Créé en 2003, Myspace a fait de la musique son ADN. Plateforme de diffusion et de stockage, le réseau social permet de partager également des informations sur des événements à venir : concerts ou festivals. Vice explique même qu'« à la fin des années 2000, presque toutes les personnes que vous connaissiez étaient sur Myspace ». Voyez ce réseau social comme Instagram ou TikTok aujourd'hui : celui où tous vos amis sont et sur lequel vous bondissez dès que vous avez un peu de temps libre. « Je considère Myspace comme une sorte de Far West de l'Internet, où les utilisateurs avaient le contrôle sur leur profil et où les grandes entreprises avaient peu d'influence, contrairement à Facebook et Instagram avec leurs publicités constantes », explique une ancienne utilisatrice à Vice.En route pour la gloire
À l'origine de Myspace, deux entrepreneurs californiens, Tom Anderson et Chris DeWolfe, qui se rencontrent à eUniverse, une société de marketing digital. La plateforme devient rapidement un phénomène. Entre 2004 et 2006, la croissance est fulgurante : 100 millions d'utilisateurs mondiaux, plus de 7 millions de nouveaux membres chaque mois, mais surtout 3 milliards de pages vues par jour et la présence de 3 millions d'artistes. Friendster, un réseau social malaisien, est engloutie par l'Angelino. Des chiffres à la hauteur du rachat par le magnat des médias,Rupert Murdoch, en 2005, qui s'offre le réseau pour 580 millions de dollars ! Derrière cette somme, un investissement : la croyance en un futur dont les fondations reposeraient sur le World Wide Web.Pendant plusieurs années, les résultats lui donnent raison.
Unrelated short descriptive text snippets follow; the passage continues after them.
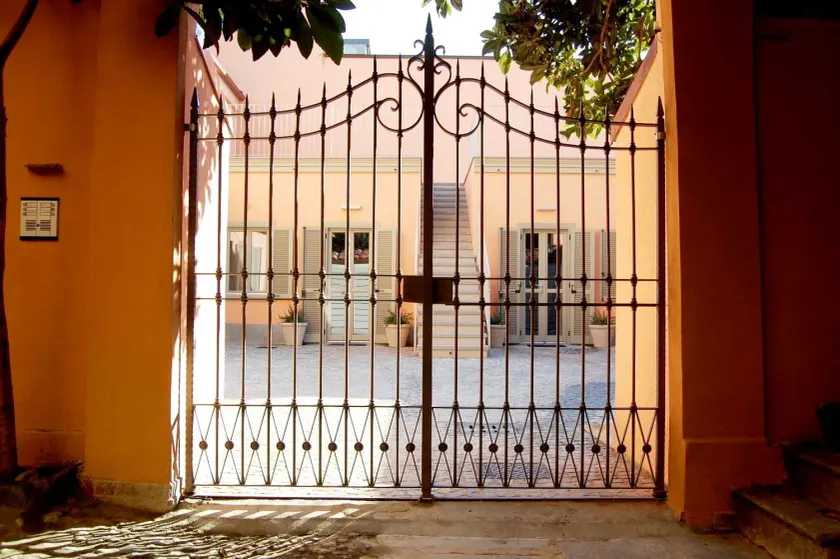 Residenza il Nespolo - Gruppo Estella Hotels - Image 1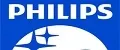 PHILIPS/ Флешка usb type-c 128 гб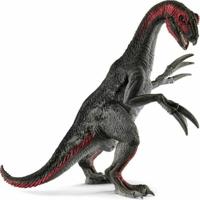 Dinosaurus Schleich Therizinosaur - thumbnail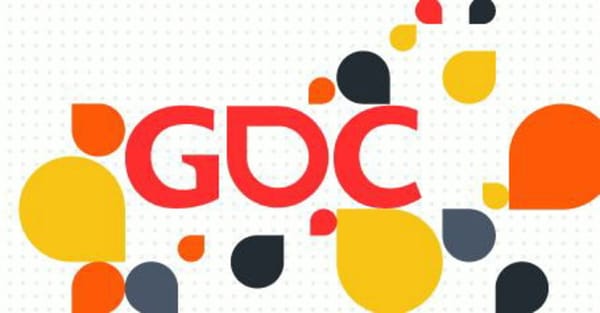 GDC: Kartenvorverkauf gestartet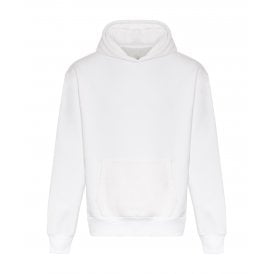 AWDis Heavyweight Signature Hoodie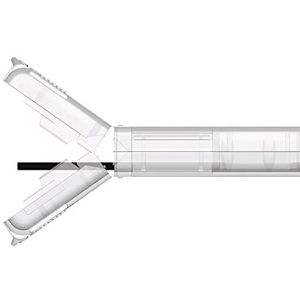 Produktbild für Zimmermanns-Minen Pica BIG Dry 6040 Tiefbauminen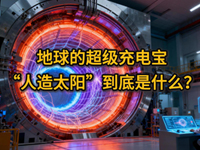 wȤՄʮġ(j)늌̫(yng)ʲô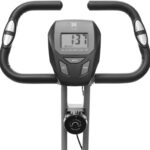 Node Fitness Indoor Cycling Bike Review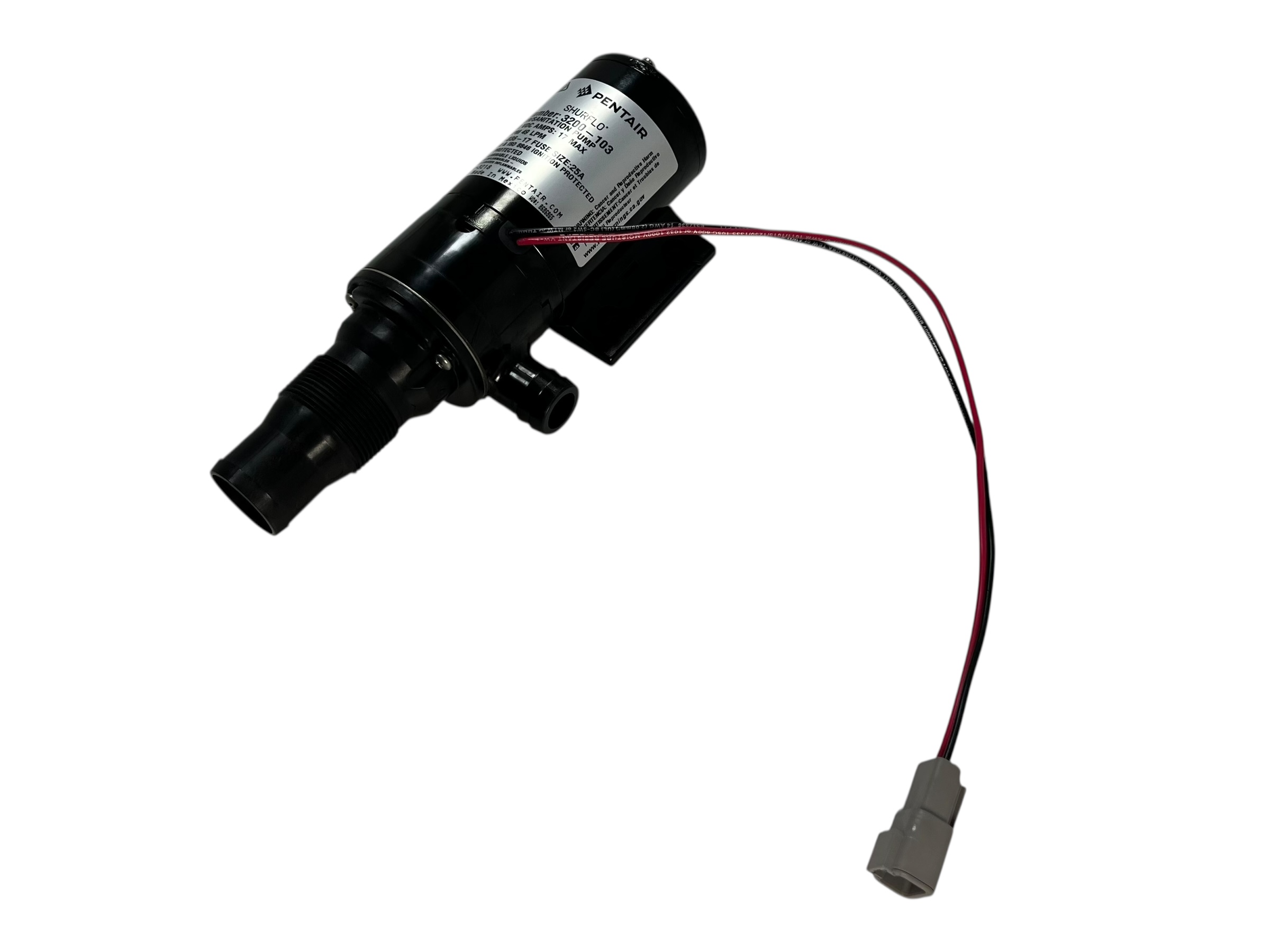 pentair-shurflo-3200-103-macerator-sanitation-pump-12v-13-gpm-new-oem-brandon-y-20251112-143949-36892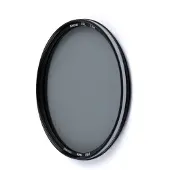 Nisi JetMag Pro 82mm Anello adattatore magnetico 82MAG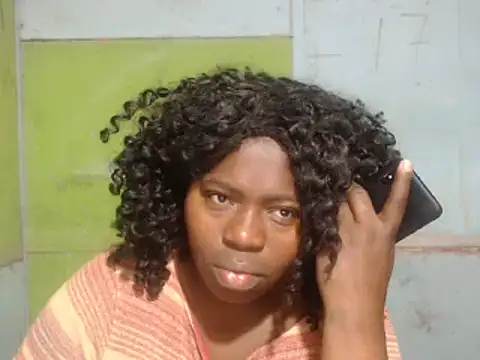 jjannakinky online show from December 12, 10:02 am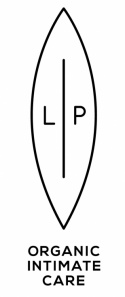 Lip Intimate Care - Cleansing Oil Coconut + Vanilla 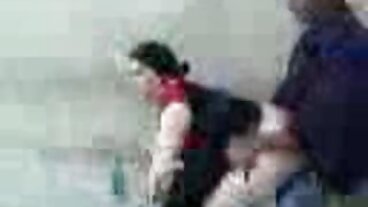 Gu ha hoc sinh cap 3 dit nhau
En 2009, Myspace fait partie des 10 sites les plus visités au niveau mondial et aurait même devancé Google.
La chute
Mais le succès ne dure qu'un temps : en 2011, Murdoch revend en catastrophe le réseau social et qualifie son rachat « d'énorme erreur ». De son propre aveu, Murdoch estime que son groupe News Corp l'a « mal géré sur tous les aspects ». Justin Timberlake rachète la société pour 35 millions de dollars, soit 16 fois moins que le prix fixé en 2005. En parallèle, l'émergence de nouveaux réseaux sociaux tels que Facebook, Twitter ou Instagram précipite la chute de celui qui fut roi.Si certains pointent du doigt Facebook, le vidéaste ColdFusion présente un point de vue différent. Le youtubeur a relevé plusieurs défauts lors de l'apogée de Myspace : l'utilisation d'un langage de programmation obsolète (du nom de ColdFusion), alors même que le site se développait rapidement. Par ailleurs, l'inexistence d'un filtre anti-spam n'a pas contribué à créer un espace agréable où les jeunes pouvaient se sentir en sécurité. Sean Parker – premier président de Facebook – a lui-même avoué lors d'une conférence que la réussite de l'entreprise fondée par Mark Zuckerberg vient essentiellement de l'explosion en plein vol de Myspace. Sans ces mauvaises décisions, Facebook n'aurait peut-être pas eu la réussite qu'on lui connaît.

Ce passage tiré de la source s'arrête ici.